I was shy to take control of a barbeque that was not my own, so I asked for a frying pan and grilled the ostrich steak until it was medium rare (same as you would a regular beef steak).  I sliced it cross-ways, and because I couldn’t find a really great ostrich appetizer recipe, I laid each slice across thinly sliced toasted baguette, spread with herbed goat cheese and red pepper jelly.   I’ll spell it out for you below, in case you’re that kind of person.

Ann’s Improv’d Ostrich Recipe

  • Toasted whole wheat baguette slices (slice the baguette, roast in oven on baking sheet at 400, 8mins)
  • Herbed soft goat cheese
  • Red pepper jelly
  • Medium rare ostrich slices

Combine, in the order above.  Here is what it looked like (sorry for the finger shadow I only noticed later):

 

Overall Impression:  Not bad, although my stomach still raised warning flags for unjustifiable reasons.  Maybe it was far too healthy.  I had to assess whether or not my cousins were just being polite, but they said they liked it, and cleared the plate of every last piece I had prepared.  One cousin said the consistency reminded her of a cross between liver and beef (something I read said that it is so lean it can be off-putting).  The jelly may have overpowered the ostrich, which may or may not have been a good thing, depending on your perspective.  I would probably try ostrich again, but I wouldn’t put myself on the mailing list.

Rating:  2 yums

Boar not entirely boring

Okay carnivores, enough of exotic fruits and veggies for a while.  This one’s for you.

Last week I visited Black Angus Fine Meats and Game in Mississauga and picked up a thing or two, even though doing so made me feel kind of uneasy.

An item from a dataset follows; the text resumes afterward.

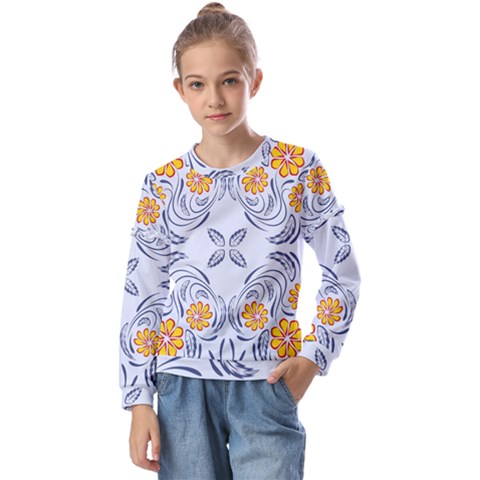 Floral Folk Damask Pattern Fantasy Flowers  Kids  Long Sleeve Tee With Frill  by Eskimos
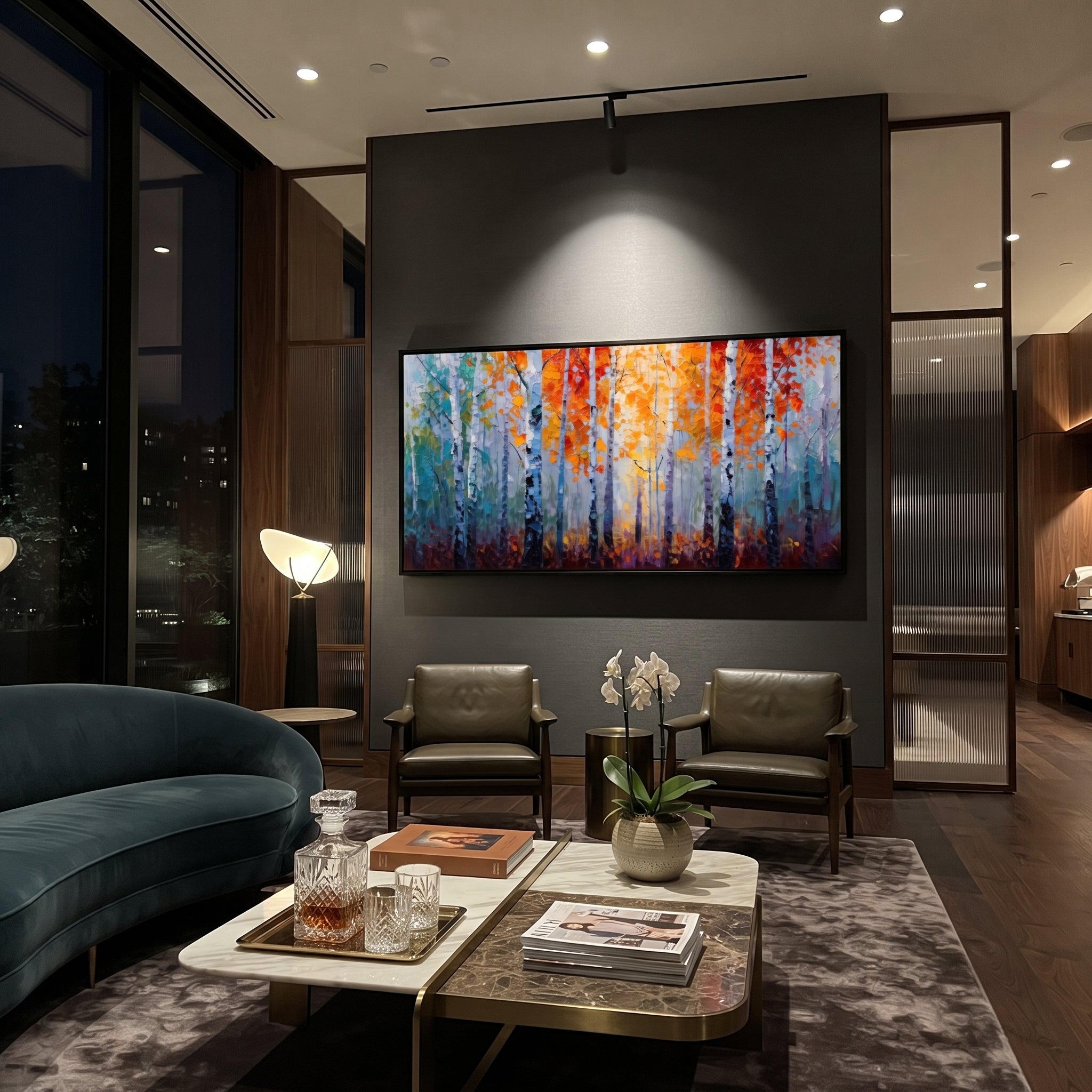 "Orange Blue Birch Forest Painting" focuses on atmosphere, surface movement, and sculptural heavy impasto craftsmanship rather than a fixed literal storyline. The composition uses this hand-painted panoramic canvas presents white birch trunks with glowing orange leaves against cool blue and teal forest haze, using raised textured paint as the visual anchor, while layered palette-knife paint, raised plaster-like texture, and softened brush movement create tactile depth across the canvas. Curated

You see, Black Angus specializes in game meats, and although I have never been vegetarian, for some reason I feel a little meaner eating animals that aren’t used to being eaten, even though I doubt that cows, pigs and chickens are overjoyed to be the lucky ones that are usually forced to volunteer.  Maybe it’s because I know that the farmed animals weren’t enjoying the freedom they were plucked away from as much as an animal that romped in the woods was.  I stopped feeling quite so bad, though, when I remembered that one of the meats I chose had once looked like this:

(Shiver)

I had chosen a French rack of wild boar, which I was drawn to more because of the cut than the animal – it looked like rack of lamb, and I was hoping that it was the cut that made rack of lamb a juicy, easy grilling option and that I would find the same results with this more uncommon meat.  Spring has sprung early this year, and after a week of sun I was ready for a barbeque.   At the same time, I was worried that wild boar would taste exactly like pork would and that it would be a pricier letdown (it was just shy of $40 for the 2.3 pound roast that might serve three adults).  I vowed to make my husband eat hotdogs one night post-boar so that I would only be spending $20 on meat per dinner and threw it into the basket.

Here is what the roast looked like before I started…

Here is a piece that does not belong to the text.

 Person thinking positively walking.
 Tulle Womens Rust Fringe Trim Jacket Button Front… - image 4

And here is what it looked like after I had sliced the fat from it.

I was kind of surprised to see so much fat on a wild animal, but who was I to judge?  Maybe my boar had eaten more than his fair share of truffles.  Actually, when I read about them here, I learned that they primarily eat fruit, nuts, seeds and tubers, which I thought might have a nicer influence on the meat than whatever farmed pigs eat, helping to justify the extra cost.  I also read that their population is very plentiful and widespread across Europe and Asia, even to the point where they have become pests in some areas.  My guilty conscience that had once associated eating wild animals with endangering them felt relieved.

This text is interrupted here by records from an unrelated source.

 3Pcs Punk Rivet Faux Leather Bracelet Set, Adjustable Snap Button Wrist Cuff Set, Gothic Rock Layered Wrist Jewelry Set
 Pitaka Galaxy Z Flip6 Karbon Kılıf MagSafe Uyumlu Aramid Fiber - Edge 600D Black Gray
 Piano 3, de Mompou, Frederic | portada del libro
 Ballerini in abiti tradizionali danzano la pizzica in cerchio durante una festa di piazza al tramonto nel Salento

I searched for recipes on how to prepare wild boar, but didn’t find much, so I ended up cooking it very simply by brushing it with olive oil, seasoning it with coarse salt and pepper, and then brushing it again with honey.  I seared it over high heat for about 5 minutes (it flared a bit, maybe because of the fat or honey or both) before I flipped it bones side down, where I cooked it over indirect medium heat, barbeque at about 400, not heating from directly beneath the meat, for another 40 minutes.  It ended up being a perfectly juicy medium.

Overall Impression:  Very nice, although pork-like.  The meat was flavourful and juicy and was not “game-y,” as is always a worry with wild meats.  I am convinced that wild boar is the best option if you know that a snobby person is coming to your house for dinner.  You could casually say, “Oh, I just picked up some wild boar, I hope you haven’t had any yet this week,” and then even if they were picky with food, they would be okay with it because it would taste familiar.  They would brag to their snobby buddies about what you had cooked and how delicious it was for months.   Serve it with a cranberry coulis – slam dunk.

Rating:  3 Yums.  Straightforward, tasty, and different.